HOW TO COMPLETE THIS TASK: Among the entries below, the lines from the one with "本田6.5油耗高吗为什么" up to and including the one with "怎么用鄂豫野艾条灸治疗阳痿" are to be restated exactly, without pictures.

DATA SUPPLIED:
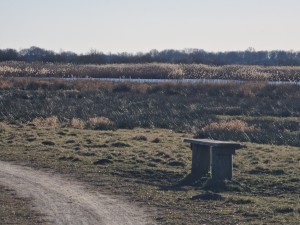 
                            <b>Houten bankje langs een pad met uitzicht over een rietveld in natuuromgeving 't Roegwold.</b><br>
                                                        <b>ISO:</b> 50 | <b>Sluitertijd:</b> 1/853 | <b>Diafragma:</b> f/4.9 | <b>Datum:</b> 2025-03-18

                        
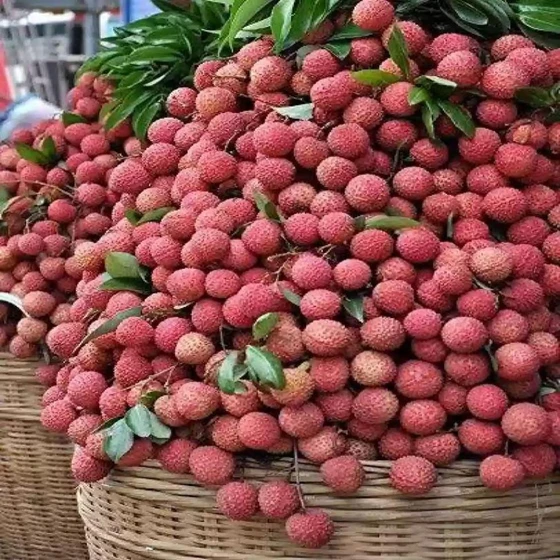 pink-fresh-litchi-2.webp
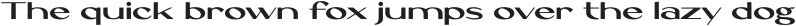 Pegas Bold otf (700)
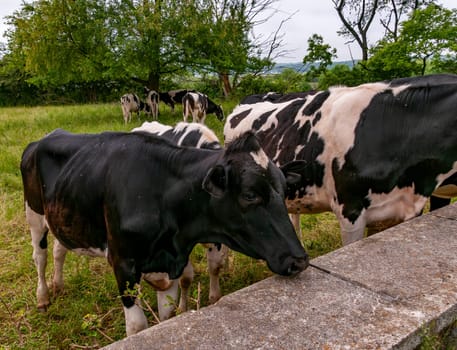 A Group of Cows While Grazing Came Up to Wall for a Close Up on a Spring Day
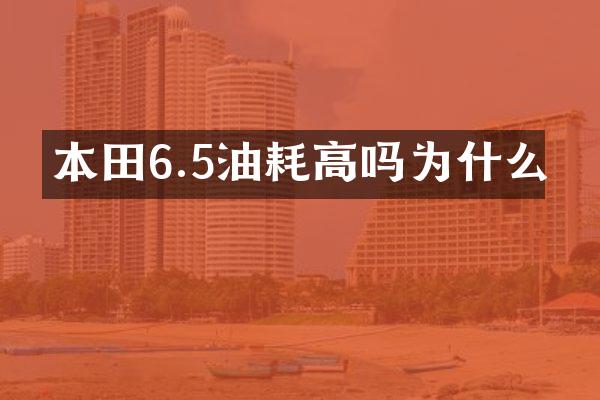 本田6.5油耗高吗为什么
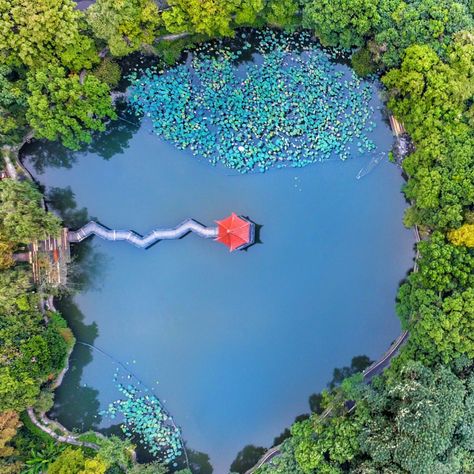 Pond Birds Eye View, Birds Eye View Landscape, Lake Birds Eye View, Birds Eye View Photography, Bungee Jumping, Water Resources, Nature Birds, French Garden, Top View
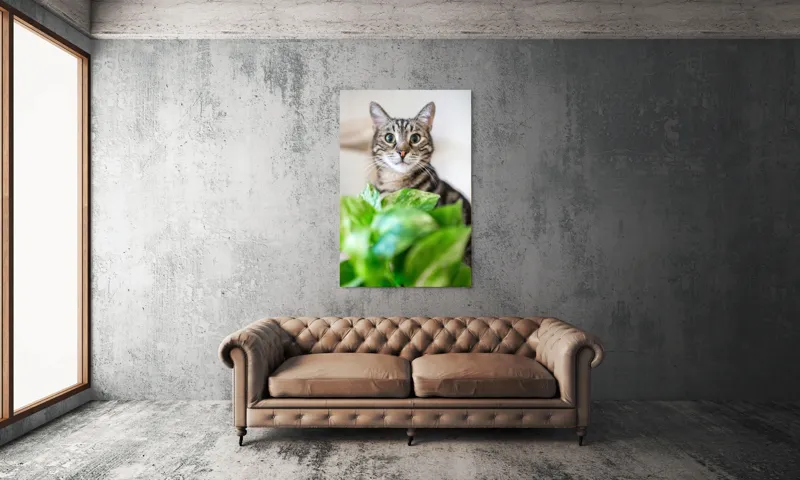 Tablou Canvas, "Pisica și frunzele misterioase ale naturii", Pisică, Ochii, Verzi, Plantă, Frunze, Blană, Tigrat, Privire, Curiozitate, Fundal, Neclar, Verde, Natură, Interior, Aproape, 100 x 150 cm – poza 6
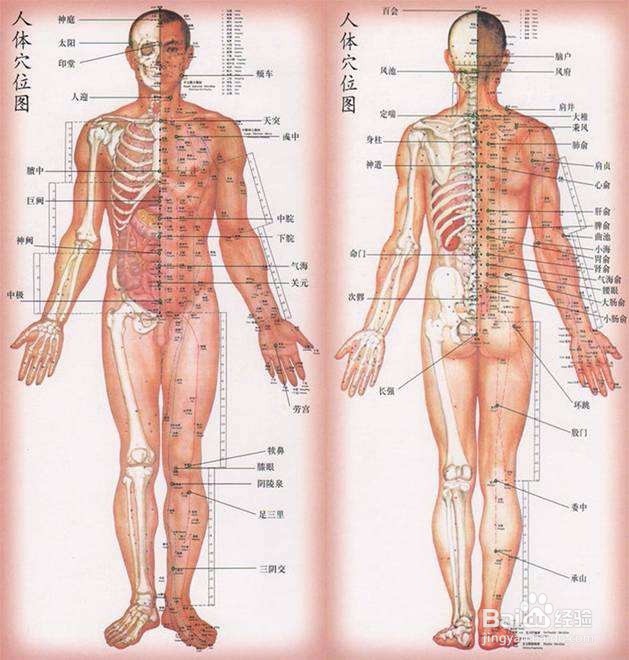 怎么用鄂豫野艾条灸治疗阳痿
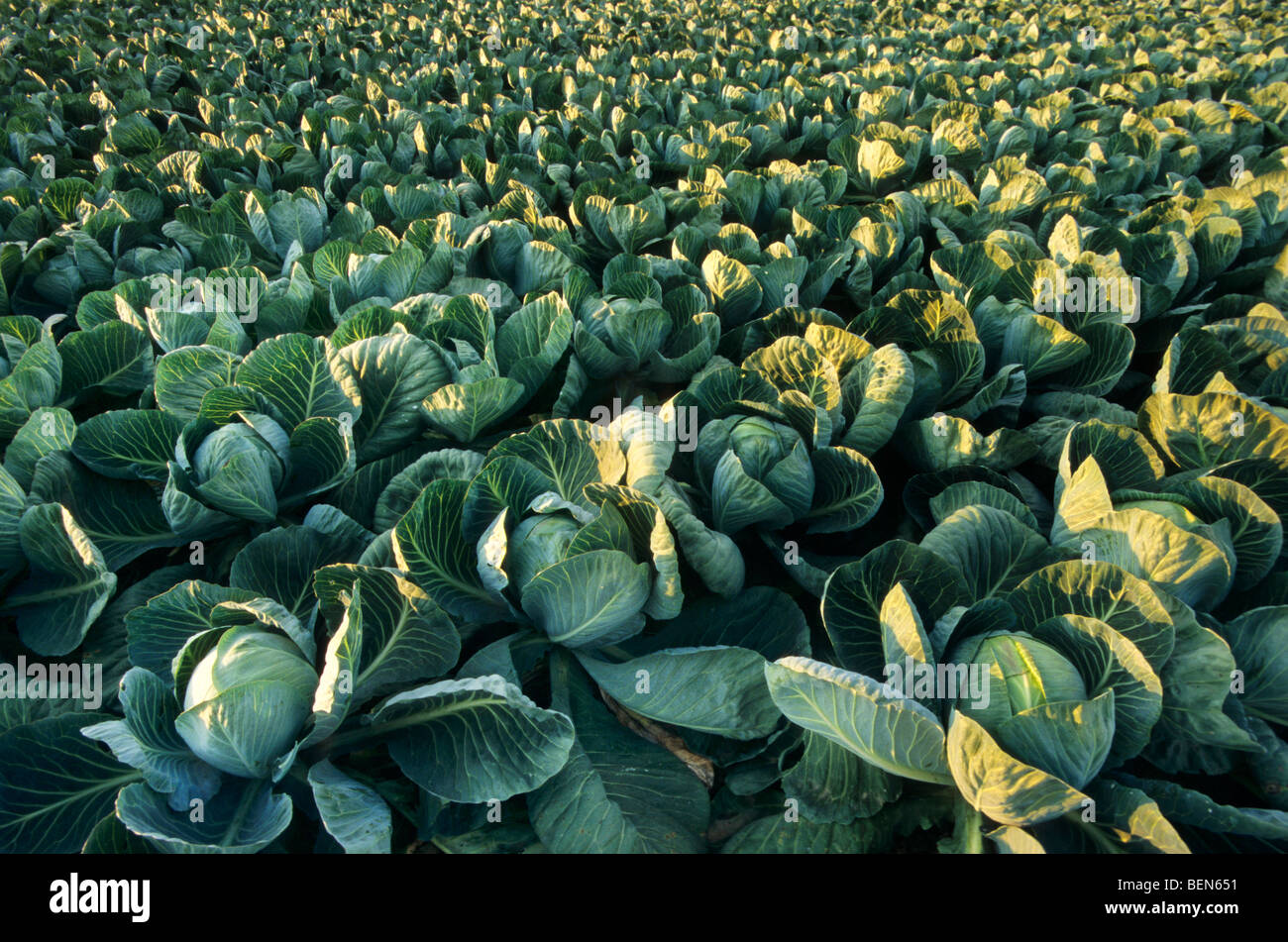 Feld mit Reihen von Weißkohl (Brassica Oleracea Convar. Capitata var. Alba), Belgien Stockfoto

ANSWER BOX:
 本田6.5油耗高吗为什么
 Pond Birds Eye View, Birds Eye View Landscape, Lake Birds Eye View, Birds Eye View Photography, Bungee Jumping, Water Resources, Nature Birds, French Garden, Top View
 Tablou Canvas, "Pisica și frunzele misterioase ale naturii", Pisică, Ochii, Verzi, Plantă, Frunze, Blană, Tigrat, Privire, Curiozitate, Fundal, Neclar, Verde, Natură, Interior, Aproape, 100 x 150 cm – poza 6
 怎么用鄂豫野艾条灸治疗阳痿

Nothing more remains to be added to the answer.